Problem details: Restate word for word only the lines running from the one with "Goblin Slayer: Goblin's Crown" to the end of the data, both ends included. Omit any pictures.

##########

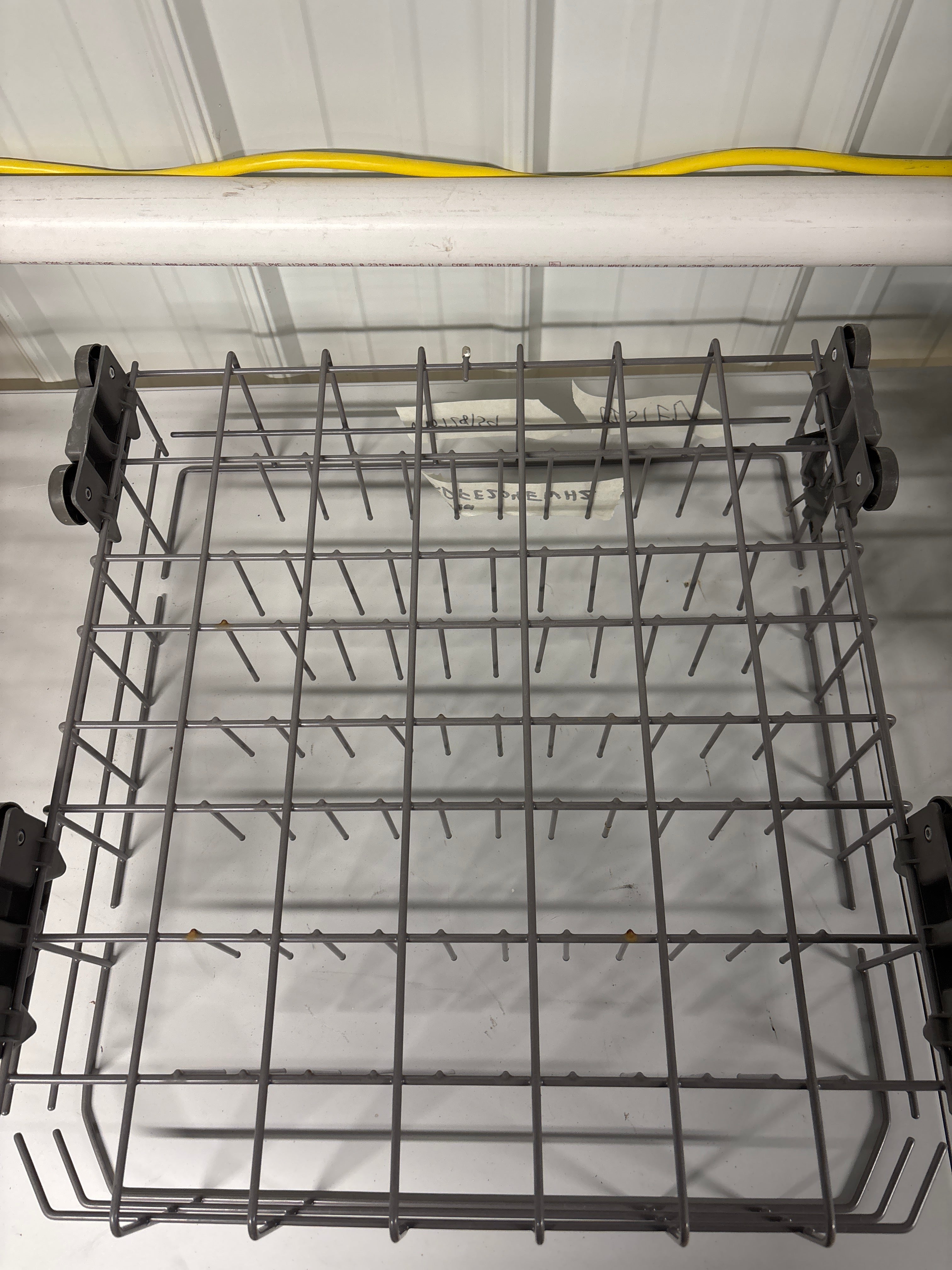 Lower Dish-rack W10728159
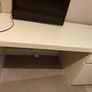 Desk - Ikea Malm Image 7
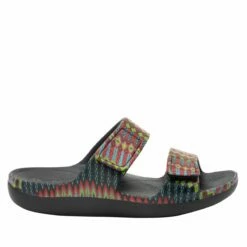 Orbyt Sayulita Nights Sandal -Cheap Alegria Shoes Store ORB 7449 S2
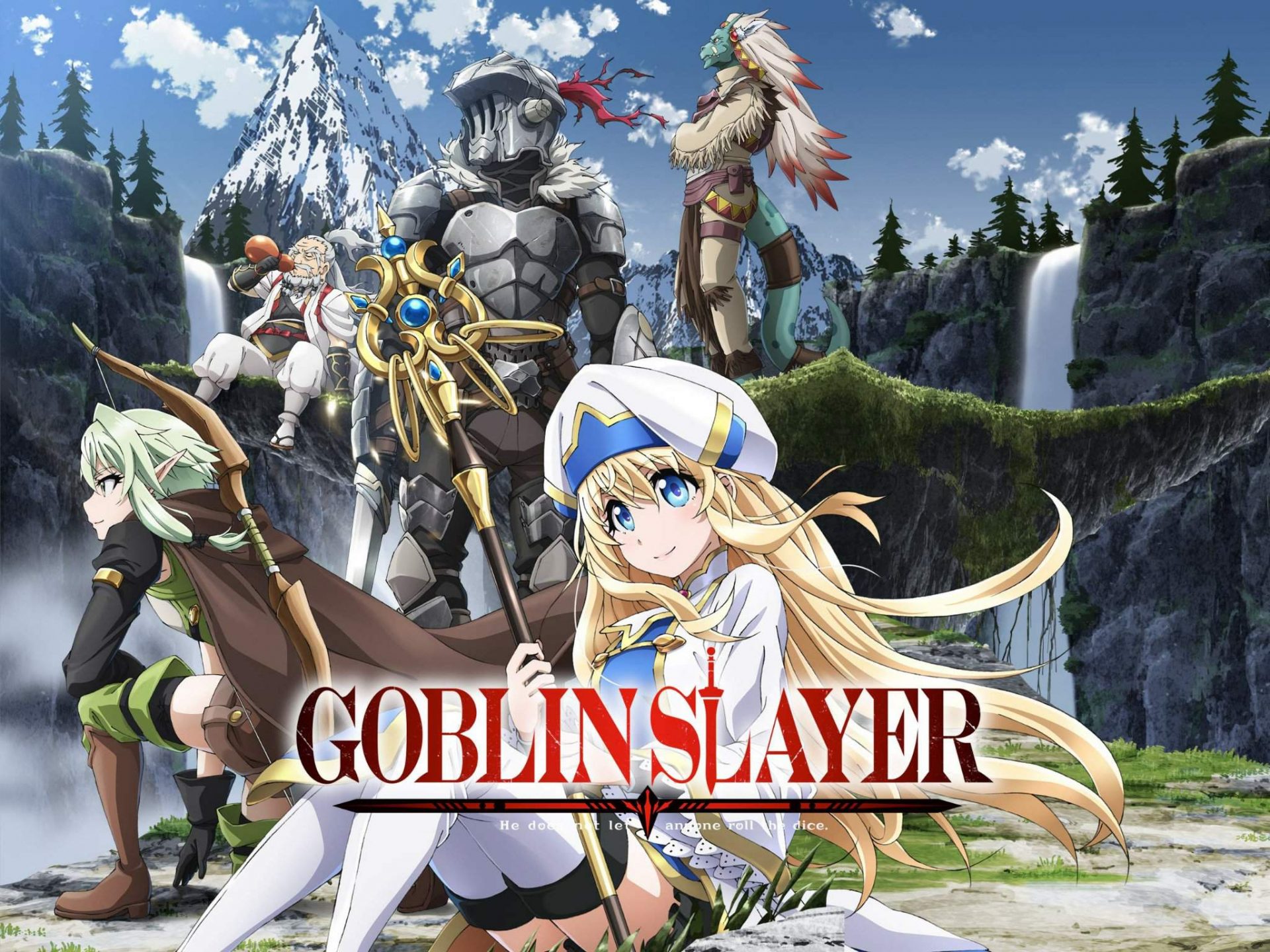 Goblin Slayer: Goblin's Crown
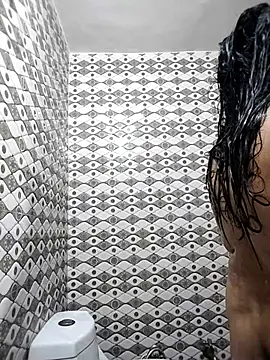 Cute-Janvi20 online show from 03/19/26, 07:23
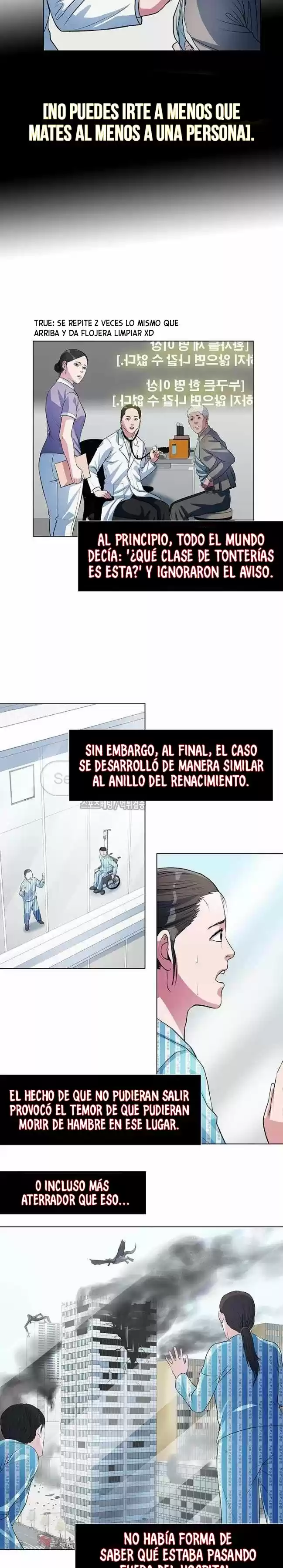 Monarca Del Juicio - Capítulo 34 - Página 8 - LectorTMOo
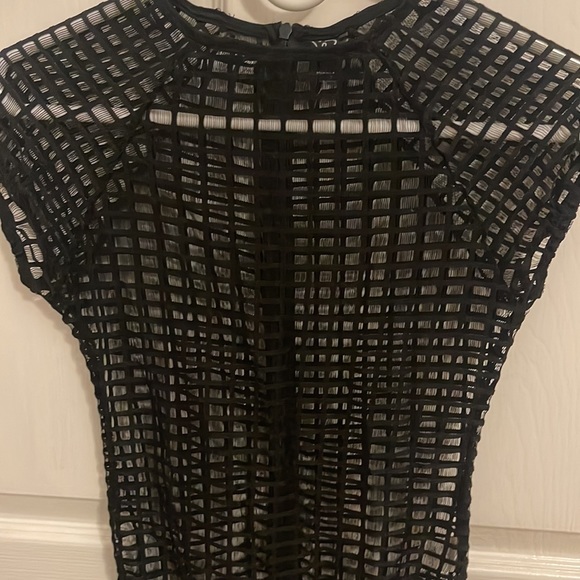 NWOT lace Windsor bodysuit - Picture 2 of 7
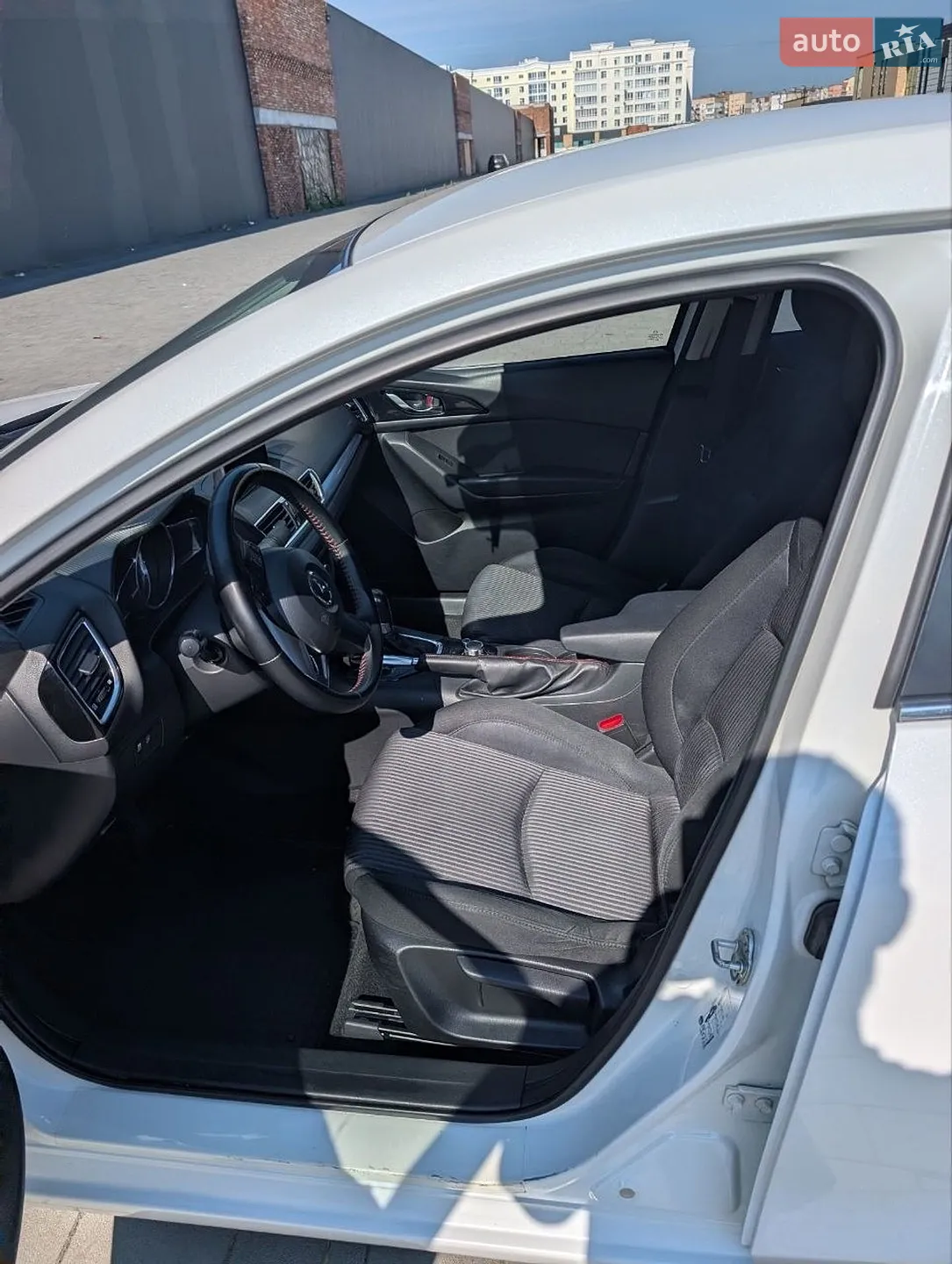 2013 Mazda 3 - мініатюра 7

##########

Reply:
 Goblin Slayer: Goblin's Crown
 Cute-Janvi20 online show from 03/19/26, 07:23
 Monarca Del Juicio - Capítulo 34 - Página 8 - LectorTMOo
 NWOT lace Windsor bodysuit - Picture 2 of 7
 2013 Mazda 3 - мініатюра 7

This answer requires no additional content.